Aujourd’hui, près d’une décennie après le début de la campagne contre le Falun Gong, la crise du chengxin a atteint de nouveaux macabres sommets, comme en témoignent les révélations désormais quotidiennes à propos de produits contaminés provenant de Chine. Rares sont ceux qui ont fait le lien entre le dentifrice empoisonné et la situation critique du Falun Gong, mais ce lien ne semble pas exagéré. Mettez à l’écart 100 millions des meilleurs citoyens de votre pays et terrorisez tous ceux qui essaieraient de vivre comme eux, et vous avez la recette d’un désastre. Ou du sirop pour la toux empoisonné, si vous voulez.

Recommencer la pratique

Des pratiquants de Falun Gong rencontrent en secret des journalistes occidentaux près de Pékin, où ils font la démonstration de certains exercices de Falun Gong et racontent les violations des droits de l’homme auxquelles eux-mêmes et les membres de leur communauté sont confrontés.

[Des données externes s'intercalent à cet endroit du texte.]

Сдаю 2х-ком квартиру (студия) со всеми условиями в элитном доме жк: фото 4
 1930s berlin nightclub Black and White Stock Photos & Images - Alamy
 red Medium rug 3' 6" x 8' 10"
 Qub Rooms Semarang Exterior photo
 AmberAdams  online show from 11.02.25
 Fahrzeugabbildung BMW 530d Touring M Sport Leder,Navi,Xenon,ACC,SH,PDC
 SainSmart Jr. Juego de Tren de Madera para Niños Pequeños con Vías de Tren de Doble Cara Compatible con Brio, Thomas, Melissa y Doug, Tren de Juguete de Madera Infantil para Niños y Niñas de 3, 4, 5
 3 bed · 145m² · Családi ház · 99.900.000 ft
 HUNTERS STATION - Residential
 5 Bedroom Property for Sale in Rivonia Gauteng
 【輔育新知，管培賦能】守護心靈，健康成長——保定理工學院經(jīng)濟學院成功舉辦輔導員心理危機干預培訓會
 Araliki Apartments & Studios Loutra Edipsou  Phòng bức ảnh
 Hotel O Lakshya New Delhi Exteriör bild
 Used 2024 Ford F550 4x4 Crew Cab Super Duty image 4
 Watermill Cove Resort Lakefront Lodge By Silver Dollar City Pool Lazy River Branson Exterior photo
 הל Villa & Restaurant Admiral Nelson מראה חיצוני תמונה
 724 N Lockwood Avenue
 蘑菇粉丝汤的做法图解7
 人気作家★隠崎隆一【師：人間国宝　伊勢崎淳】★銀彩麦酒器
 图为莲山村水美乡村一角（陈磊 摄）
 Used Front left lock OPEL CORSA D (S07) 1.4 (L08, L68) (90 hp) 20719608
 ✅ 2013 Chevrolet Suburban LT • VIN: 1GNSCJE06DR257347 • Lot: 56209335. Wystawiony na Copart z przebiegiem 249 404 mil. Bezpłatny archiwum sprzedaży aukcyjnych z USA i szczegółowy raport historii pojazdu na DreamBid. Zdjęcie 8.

De nombreuses personnes comme Ouyang n’en sont jamais vraiment venues à détester le Falun Gong. Les dénonciations de la grande majorité des pratiquants “réformés” leur ont été arrachées, littéralement, par la torture et la menace. Ce qu’ils ont appris à haïr, en revanche, c’est le Parti-État. Ouyang a déclaré au Washington Post : “Maintenant, chaque fois que je vois un policier et ces matraques électriques, je me sens malade, prêt à vomir”. En d’autres termes, les professions de foi envers le Parti obtenues dans les entrailles du goulag chinois n’étaient pas tout à fait synonymes de zèle révolutionnaire.

Au lieu de cela, les témoins en Chine suggèrent que cela a généré un profond ressentiment envers l’oppresseur. Et un questionnement. Comme le titre d’un essai de l’enseignant du Falun Gong l’indique, “La coercition ne peut pas changer le cœur des gens”. Le Falun Gong a apporté tant de choses à tant de personnes : une santé florissante, un nouveau sens à la vie, des relations humaines réparées et un sentiment d’optimisme communicatif. Renoncer à cette pratique était pour beaucoup un retour à une vie brisée.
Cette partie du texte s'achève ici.